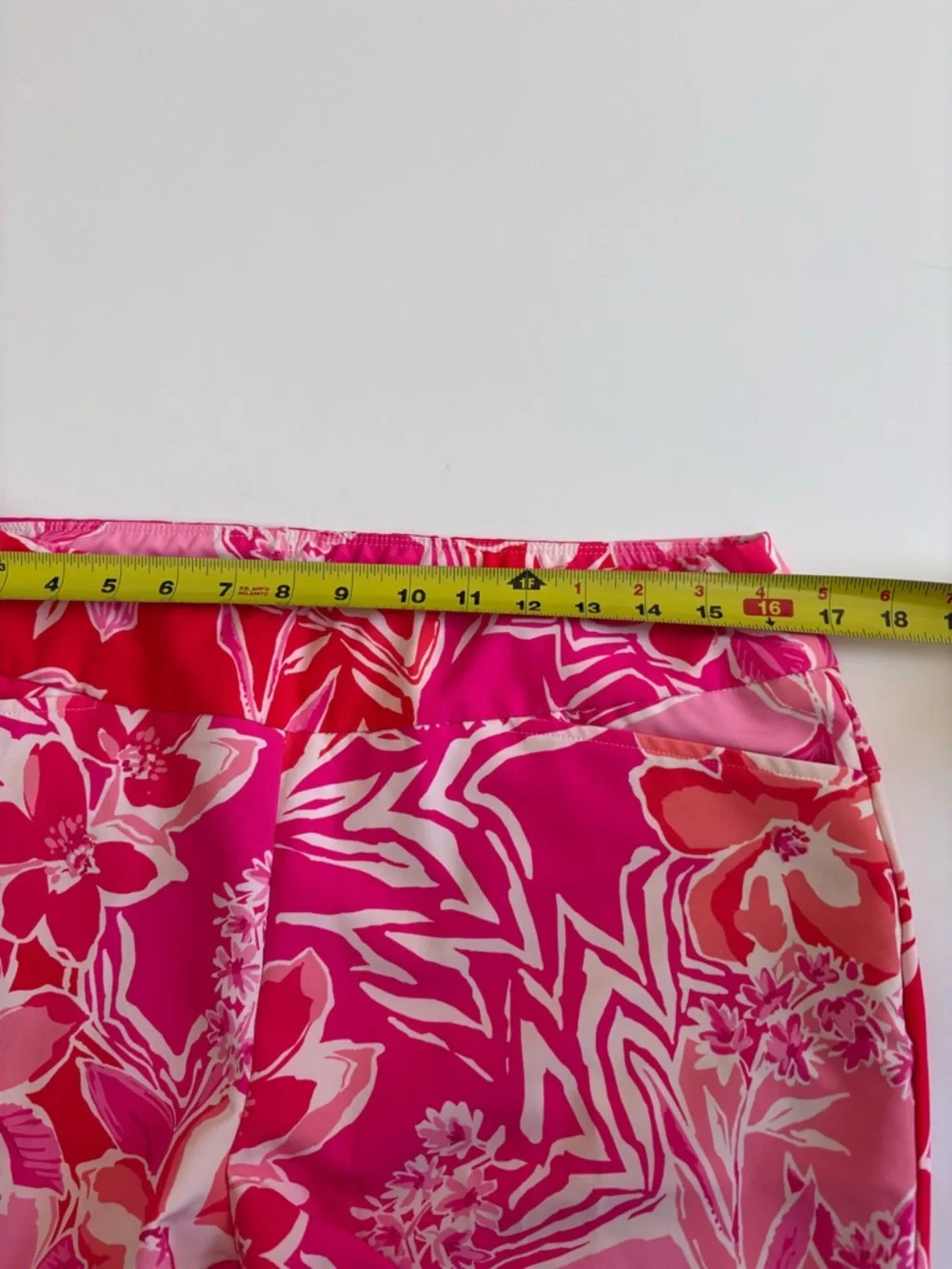 Ibkul Pink Floral Shorts Size 12 - Picture 6 of 9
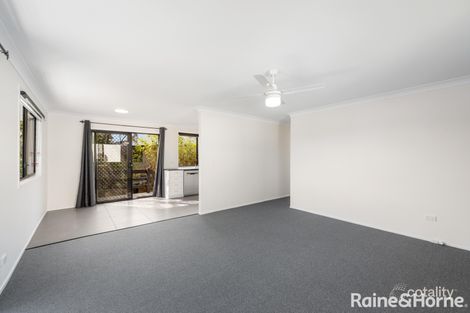 Property photo of 77 Milanion Crescent Carindale QLD 4152
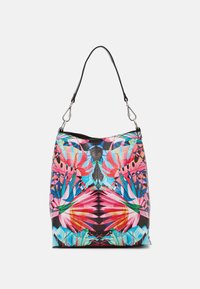 Farverig tote taske med tropisk blomsterdesign i pink, blå, grøn og sort, med en aftagelig sort skulderrem og sølvspænder.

Exercise: Only the pictures are to be omitted; restate everything else above exactly.

Exercise response:
 Ibkul Pink Floral Shorts Size 12 - Picture 6 of 9
 Property photo of 77 Milanion Crescent Carindale QLD 4152
 Farverig tote taske med tropisk blomsterdesign i pink, blå, grøn og sort, med en aftagelig sort skulderrem og sølvspænder.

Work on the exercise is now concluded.